“Better Watch Out” Review ✦✦✦✧✧

5 December, 2017

Director: Chris Peckover
Screenwriters: Zack Kahn, Chris Peckover 
Director of Photography: Carl Robertson
Olivia DeJongeLevi MillerEd Oxenbould

Synopsis: An invasion thriller with a twist revolving around an overly-confident 12-year-old boy, his best friend, and the babysitter they both have a crush on who experiences the ultimate night from hell while trapped inside their home.

Better Watch Out Review:

A holiday frenzy stuck in raging pubescent mania, “Better Watch Out” is the bunny-boiling sociopath of hot topic Christmas movies, proving consistently tongue-in-cheek and delivering sinister punchlines to be laughed and winced at in equal measure. “Funny Games” for teens with spiders and doorbells providing more scares than the film’s basic plot-line, the movie melds cinema’s next psycho out of suburban rage, fashioning a Norman Bates with a squeaky voice out of the egotism of middle-class living; stuffing pride into its already blackened, corn-fed heart and standing back to smell the chaos.

Confinement terror without the lastability of a true skin-crawler, “Better Watch Out” works better as a comedic social study than a “Home Alone” horror with consequences, finding itself performatively messy yet enjoyable as a one-night-only surprise featuring home-grown kills and “Black Christmas” nods. Faithful to its sub-genre but let down by laughable “April Fool’s Day” plot points, the movie sees the ‘Please Don’t Leave Me’ of slashers with a villain too mature for their age taking matters into their own hands and only escalating the scale of their madness over the course of a single evening.

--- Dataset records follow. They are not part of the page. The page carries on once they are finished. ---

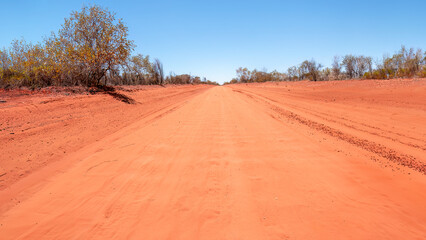 Fototapeta na wymiar The Ernest Giles Road in Australia's Northern Territory. It is a 100km long unsealed dirt track leading to the Stuart Highway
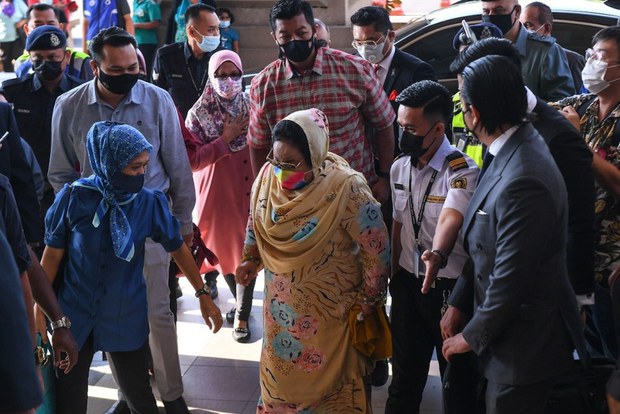 Malaysian Judge Orders Ex-PM’s Wife to Defend Herself in $309M Graft Case Malaysian Judge Orders Ex-PM’s Wife to Defend Herself in $309M Graft Case
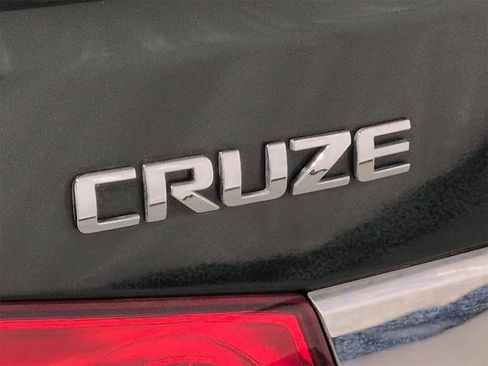 Used 2015 Chevrolet Cruze LT image 13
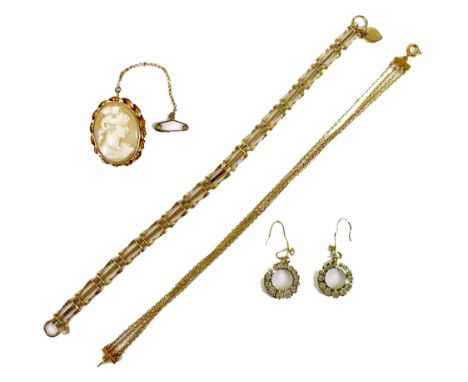 Three pieces of 9ct gold jewellery, comprising a cameo brooch with 9ct gold mount, stamped '375', 2.5 by 3cm,  two 9ct gold b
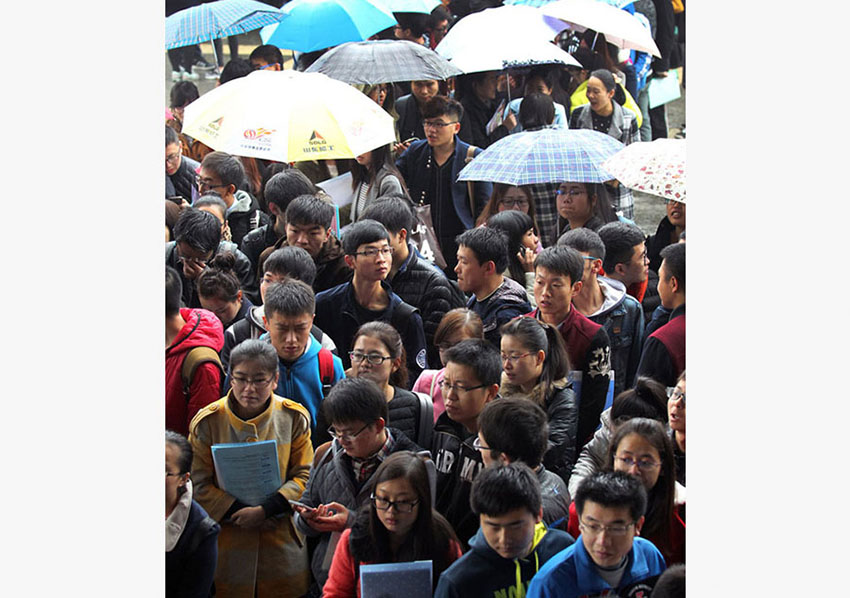 Milhares de graduados participam em feira de emprego em Xi’an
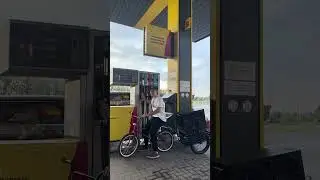 Приехал на заправку...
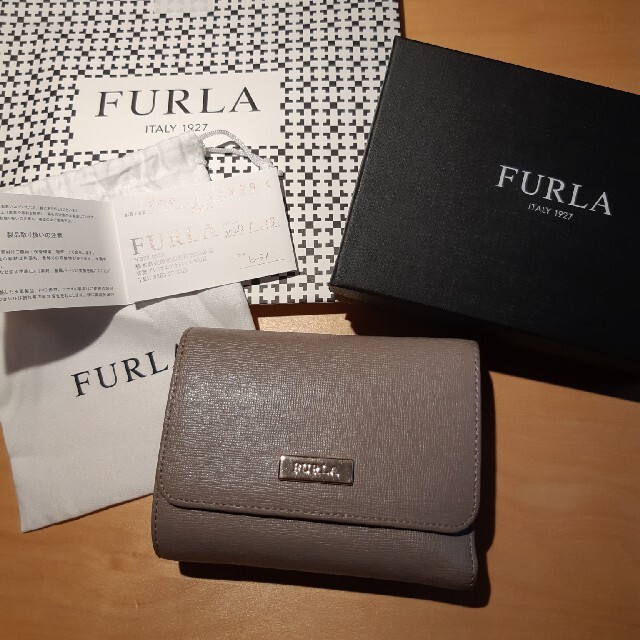 Furla(フルラ)のFURLA　フルラ　三つ折り財布　佐野プレミアム・アウトレット購入　優しいベージ レディースのファッション小物(財布)の商品写真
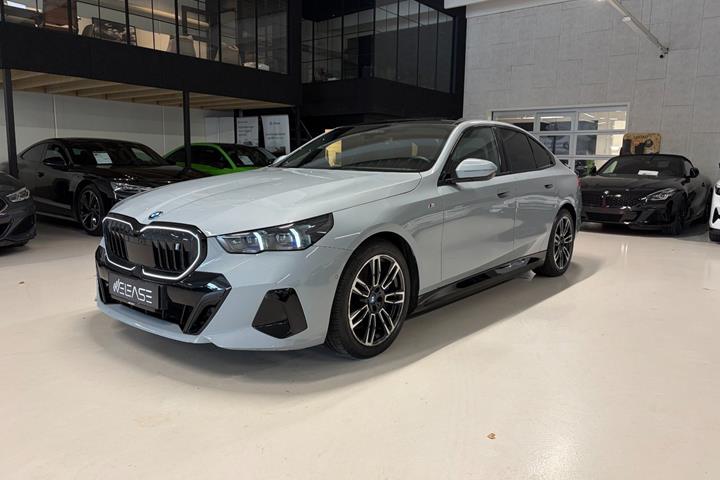 Grå BMW i5 fra 2024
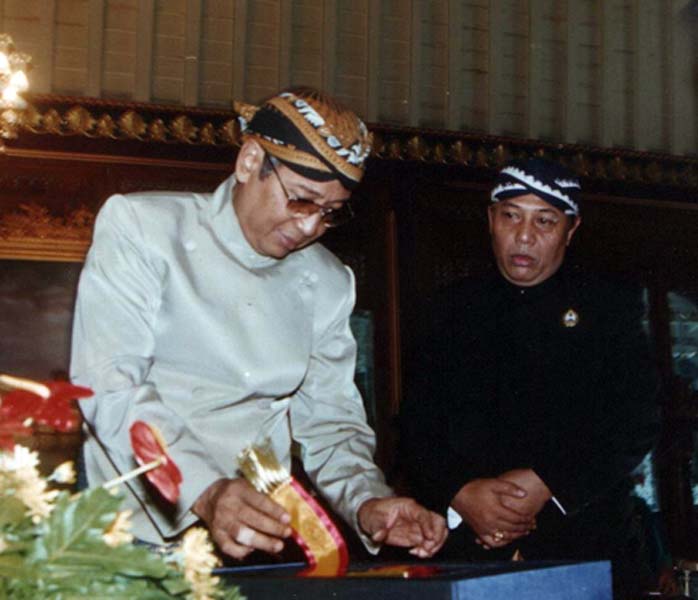 You are currently viewing Wiradat Sinuhun PB X Lebih 200 Tahun, Wiradat Gusti Moeng Eksis Hingga Akhir Zaman (seri 3 – habis)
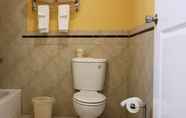 Toilet Kamar 2 Royal Victorian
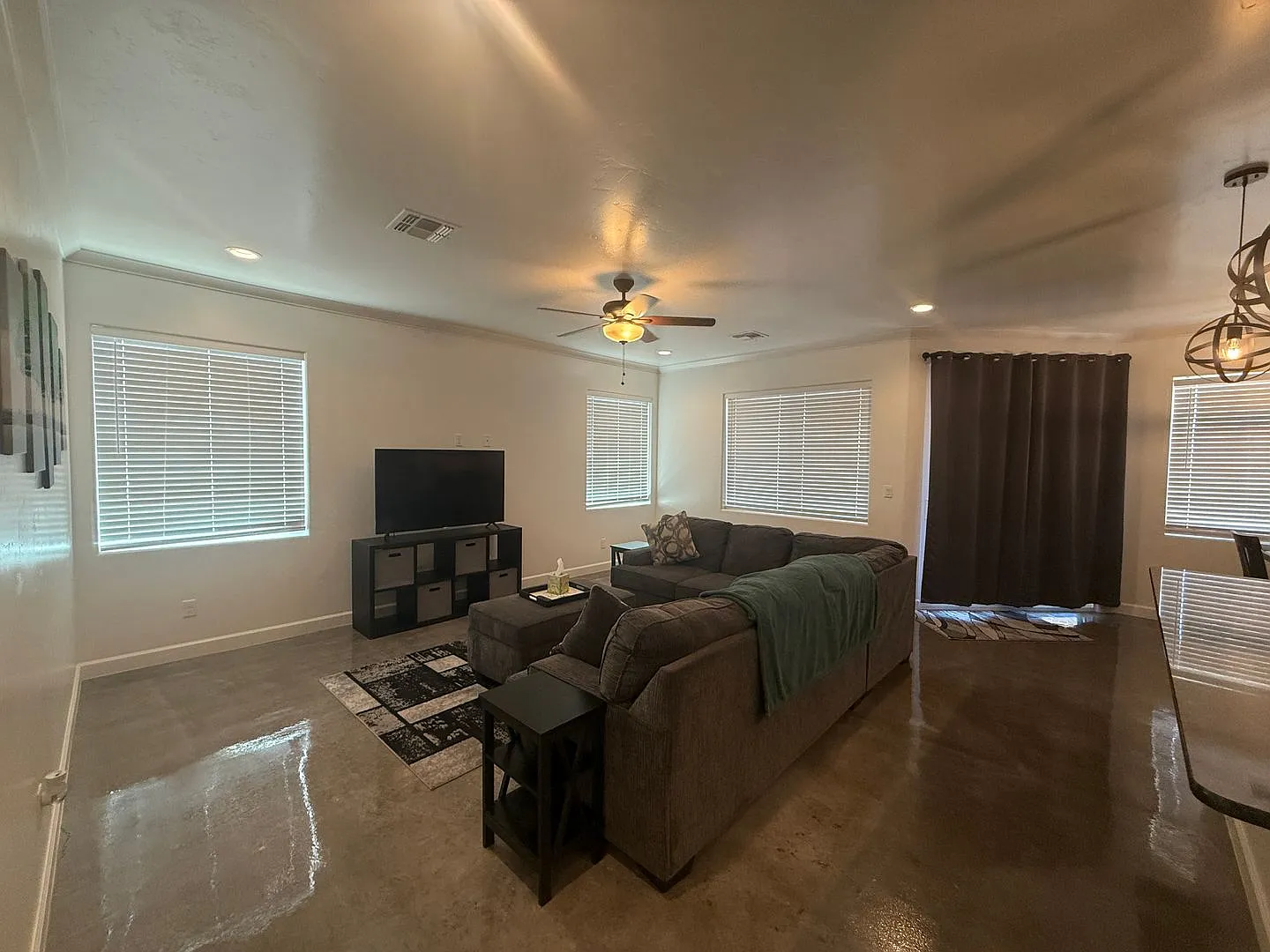 2 Bedroom 1 Bathroom Fully Furnished Home — Photo 2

Wes Craven’s “Scream” for the snoozer generation, “Better Watch Out” captures the sense of entitlement plaguing the modern mindset, acting as a stark warning that’s both festive and relevant. Sneaking around the film’s budget wherever possible, writer-director Chris Peckover finds himself in the mood for a scare but missing the je ne sais quoi of a horror master, showcasing a number of memorable artistic choices while slipping on the bodily fluids excreted by his various characters. Requiring more McGuffins than original jump scares, the movie’s off-screen panache draws attention to on-screen hindrances, putting pencils and paint cans to good use but never truly feeling like a true Christmas classic without a well-earned fright to top it all off.